Johannesburg - Software giant Microsoft has teamed up with South African retailer Makro to roll-out low-cost tablets dubbed the ‘Nextbook’ range.
According to officials from Microsoft, the devices, which sport the full Windows 8.1 operating system, are available for sale at all Makro stores in South Africa from today.
The Nextbook range come in two screen sizes: 8” and 10.1”. The latter device also comes with an attachable keyboard that allows users to have a notebook-like experience.
Costs for the Nextbook range from R1 499 for the 8" version to R2 999 for the 10.1" sized device.
But the devices don’t have SIM card slots, meaning users have to have access to Wi-Fi networks if they want to access the internet.
“As we’d promised we’d bring affordable devices to the market, it’s here today,” Melanie Botha, Consumer Channels Group Executive at Microsoft South Africa, told journalists on Monday.
Makro’s merchandise manager for South Africa, Kevin Maier, told journalists that the retailer has thus far stocked 4 000 units of 10.1” version and 2 500 units on the 8” gadget.
"As Makro our focused target audience has always been, from a consumer perspective, from LSMs (living standard measurements) 5-10 and of course a large focus around commercial business users as well,” Maier told Fin24 on the sidelines of the Nextbook launch in Johannesburg.
"Being in the business of selling tablets at the moment we have a good idea of what the market comprises," Maier told Fin24.
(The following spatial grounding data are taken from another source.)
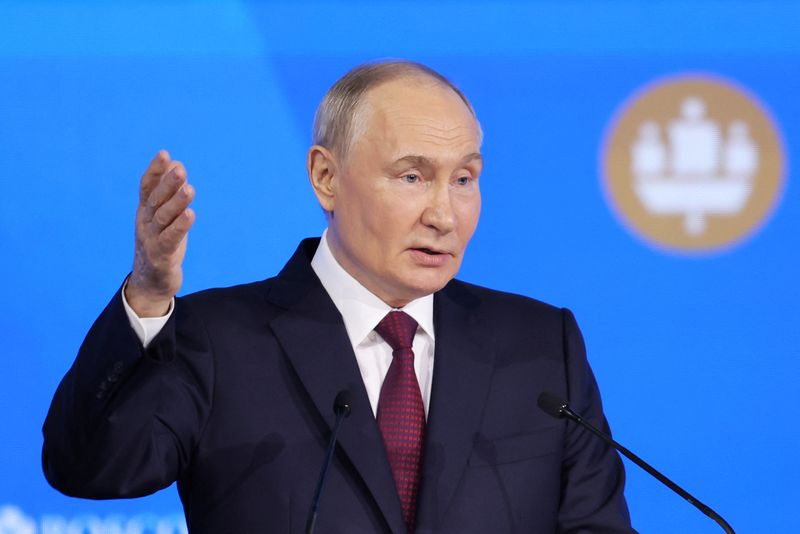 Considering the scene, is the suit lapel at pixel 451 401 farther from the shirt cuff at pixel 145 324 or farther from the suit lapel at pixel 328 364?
the shirt cuff at pixel 145 324

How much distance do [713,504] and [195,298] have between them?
5.31ft

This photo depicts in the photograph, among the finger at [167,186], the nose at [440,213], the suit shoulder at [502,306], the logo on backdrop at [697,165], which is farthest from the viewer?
the logo on backdrop at [697,165]

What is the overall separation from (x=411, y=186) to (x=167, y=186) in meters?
0.60

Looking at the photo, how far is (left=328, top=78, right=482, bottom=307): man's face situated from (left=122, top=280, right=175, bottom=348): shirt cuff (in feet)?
1.56

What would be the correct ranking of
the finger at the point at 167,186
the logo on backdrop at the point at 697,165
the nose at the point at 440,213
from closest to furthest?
the finger at the point at 167,186, the nose at the point at 440,213, the logo on backdrop at the point at 697,165

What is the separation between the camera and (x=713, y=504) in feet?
10.0

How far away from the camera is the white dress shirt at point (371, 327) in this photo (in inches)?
82.0

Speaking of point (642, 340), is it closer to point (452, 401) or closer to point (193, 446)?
point (452, 401)

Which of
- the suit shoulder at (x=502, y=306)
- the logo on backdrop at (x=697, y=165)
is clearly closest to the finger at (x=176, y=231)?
the suit shoulder at (x=502, y=306)

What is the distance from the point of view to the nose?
202 cm

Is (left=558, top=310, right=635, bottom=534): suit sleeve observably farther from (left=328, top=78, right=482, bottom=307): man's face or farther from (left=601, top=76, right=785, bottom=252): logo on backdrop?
(left=601, top=76, right=785, bottom=252): logo on backdrop

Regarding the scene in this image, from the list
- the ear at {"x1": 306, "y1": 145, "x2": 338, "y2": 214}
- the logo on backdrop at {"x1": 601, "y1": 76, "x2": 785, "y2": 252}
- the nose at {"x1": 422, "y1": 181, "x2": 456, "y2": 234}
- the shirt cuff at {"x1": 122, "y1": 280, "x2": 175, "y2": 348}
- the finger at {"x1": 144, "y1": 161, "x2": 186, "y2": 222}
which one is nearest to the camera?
the finger at {"x1": 144, "y1": 161, "x2": 186, "y2": 222}

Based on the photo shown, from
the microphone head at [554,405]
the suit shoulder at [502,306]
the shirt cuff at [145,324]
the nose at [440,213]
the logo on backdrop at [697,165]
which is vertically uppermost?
the logo on backdrop at [697,165]

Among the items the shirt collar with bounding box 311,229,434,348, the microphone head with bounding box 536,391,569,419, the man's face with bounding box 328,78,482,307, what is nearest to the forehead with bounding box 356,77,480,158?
the man's face with bounding box 328,78,482,307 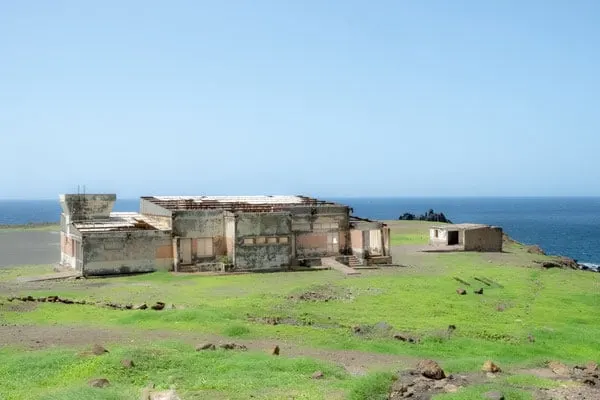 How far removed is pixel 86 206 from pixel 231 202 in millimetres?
10011

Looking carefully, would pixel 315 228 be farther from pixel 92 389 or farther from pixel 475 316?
pixel 92 389

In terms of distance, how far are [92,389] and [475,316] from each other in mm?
16484

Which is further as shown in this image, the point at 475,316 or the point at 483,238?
the point at 483,238

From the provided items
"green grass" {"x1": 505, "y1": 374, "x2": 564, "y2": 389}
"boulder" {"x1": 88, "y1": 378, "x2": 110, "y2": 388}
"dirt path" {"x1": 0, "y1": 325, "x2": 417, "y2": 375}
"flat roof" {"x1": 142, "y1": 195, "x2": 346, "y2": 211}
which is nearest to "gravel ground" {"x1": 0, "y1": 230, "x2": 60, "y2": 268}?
"flat roof" {"x1": 142, "y1": 195, "x2": 346, "y2": 211}

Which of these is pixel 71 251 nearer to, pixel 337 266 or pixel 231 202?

More photos of Microsoft's #nextbook pic.twitter.com/zJ2u8tFk2N
— Gareth van Zyl (@GarethvanZyl) November 10, 2014
‘Need for Wi-Fi education’
Maier further told Fin24 that leaving out a SIM card slot on tablet devices helps to lower the costs of these gadgets.
He claimed that awareness levels of non-SIM card smart devices in SA is low.
"What we've done a really bad job of as South African retail and I think the media itself is we haven't educated the consumer on the power of Wi-Fi devices if paired or associated with a smartphone or in Wi-Fi free zones,” Maier told Fin24.